In China, Elon Musk has gained both admiration and criticism. While he is seen as a visionary, he has faced scrutiny from regulators and the public due to issues with customer complaints. The success of Musk’s SpaceX and its Starlink satellite service has also led to concerns from the People’s Liberation Army, especially as Tesla faces growing competition from Chinese electric vehicle (EV) manufacturers, which threatens Musk’s standing in the market.

Musk recently attended a summit in Beijing with U. S. President Donald Trump, alongside other CEOs like Tim Cook and Jensen Huang, focusing on resolving business issues with China. After a formal welcome, Musk expressed his desire to achieve “many good things” in the country. At the same event, Xiaomi’s CEO Lei Jun, an admirer of Musk, took a selfie with him, which became popular on social media, showcasing the public’s interest in Musk.

Despite facing competition on technology and pricing from local companies, Musk and Tesla remain influential in China. Experts note that Musk’s business goals align with China’s technological priorities, including electric vehicles, AI, and advanced robotics, making Tesla’s self-driving technology the standard in the industry. In 2018, Tesla became the first foreign automaker permitted to operate in China without a local partner, and its sales in the country reached about 626,000 vehicles last year, contributing significantly to its revenue.

Other Chinese carmakers, like Chery, draw inspiration from Tesla’s focus on innovation, blending it with Toyota’s emphasis on quality. However, Musk’s other ventures, particularly SpaceX, provoke concern among Chinese military and government officials due to its dominance in satellite communications, especially in light of geopolitical tensions, hinting at efforts to develop domestic alternatives.

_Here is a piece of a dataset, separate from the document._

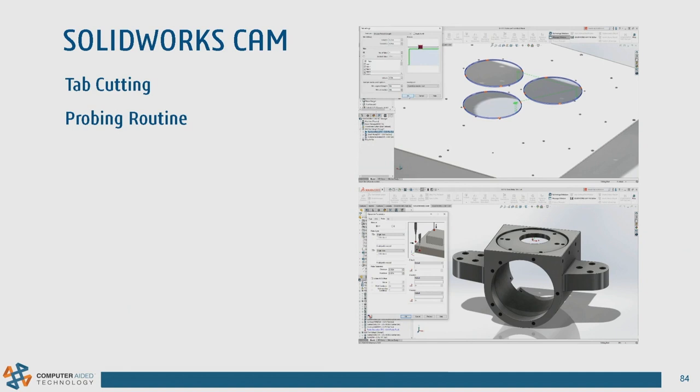SOLIDWORKS CAM has added the ability to do tab cutting — automatically adding tabs to large holes in sheet metal parts so the cutout drops out cleanly during machining, without needing the design side to add them. We also added probing routines: you pick the tool setup, specify which areas need to be probed, and it adds probing to the operation for higher part accuracy.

Though Musk’s social media platform, X, is banned in China, he has a significant following on Weibo and has been celebrated as a global icon in the country. His recent visit pertains to an attempt to purchase $2.9 billion in solar manufacturing equipment from Chinese suppliers, although this may be affected by China’s potential export restrictions on advanced technologies to the U. S.

Musk’s company is also seeking regulatory approval for more advanced self-driving technology. However, his relationship with China has been delicate, particularly when Tesla faced backlash in 2021 over its handling of customer complaints, highlighted by a public protest at an auto show. Additionally, Teslas were previously banned from military areas due to security concerns.

Looking ahead, organizations believe that Tesla’s standing might challenge Musk’s popularity in China as local companies continue to progress. However, he is likely to remain an influential figure in China’s tech scene for his achievements in the automotive and technology industries.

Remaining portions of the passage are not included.